Studio album by Pete Rock & CL Smooth
- Released: November 8, 1994
- Recorded: 1993–1994
- Studio: Greene St. Recording in New York City
- Genres: East Coast hip hop; golden age hip hop; jazz rap;
- Length: 76:13
- Labels: Elektra 61661
- Producer: Pete Rock & CL Smooth

Pete Rock & CL Smooth chronology
| Mecca and the Soul Brother (1992) | The Main Ingredient (1994) | Soul Survivor (1998) |

Singles from The Main Ingredient
- "I Got a Love" Released: 1994; "Take You There" Released: 1994; "Searching" Released: 1995;

= The Main Ingredient (Pete Rock & CL Smooth album) =

The Main Ingredient is the second album by Pete Rock & CL Smooth, released on November 8, 1994. It is the duo's last studio album to date.

== Music ==
Characterized by sultry soul and jazz samples, The Main Ingredient saw a more polished sound than the duo's debut, building on the praise that they had already garnered. The album is notable for its snappy, crispy drums and extensive use of vocal scratches, usually from songs by Biz Markie. Although missing a centerpiece on the scale of "They Reminisce Over You (T.R.O.Y.)", the album contains some of the duo's best known work, in the form of tracks such as the upbeat "In The House", and the catchy "Sun Won't Come Out", which features a lush vocal sample from the song of the same name by Harvey Scales.

Continuing a theme initiated by Mecca and the Soul Brother, brief instrumental interludes are placed at the beginning and end of songs. With the exception of just a few tracks, this feature is recurrent throughout the album. In addition, The Main Ingredient saw Rock fleshing out and defining his trademark production style, which is now recognized for often containing smooth basslines, swirling horns, filtered samples, and spacious grooves.
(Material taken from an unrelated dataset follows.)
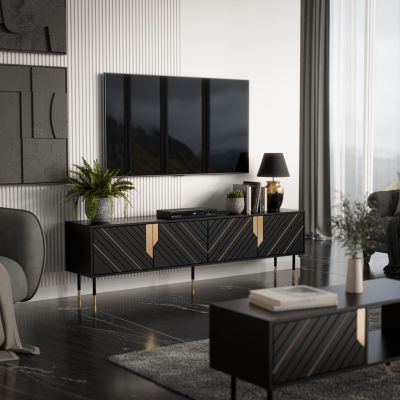 3. 4D MOUNTAIN TV cabinet 204x40x55 black + gold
The production on this album proved to be influential upon a legion of latter day producers.

== Reception ==

Though overlooked at the time of its release, the album has since been re-evaluated with high critical acclaim. AllMusic's Stanton Swihart called it "an album that is far more focused" and "just as good as the first record, perhaps an even more satisfying single listen." Swihart described Rock's production work as "among some of the most seductive in hip-hop", and CL as "lyrically on point, spitting out intellectual rhymes and narratives that are just as propulsive and engaging as the music."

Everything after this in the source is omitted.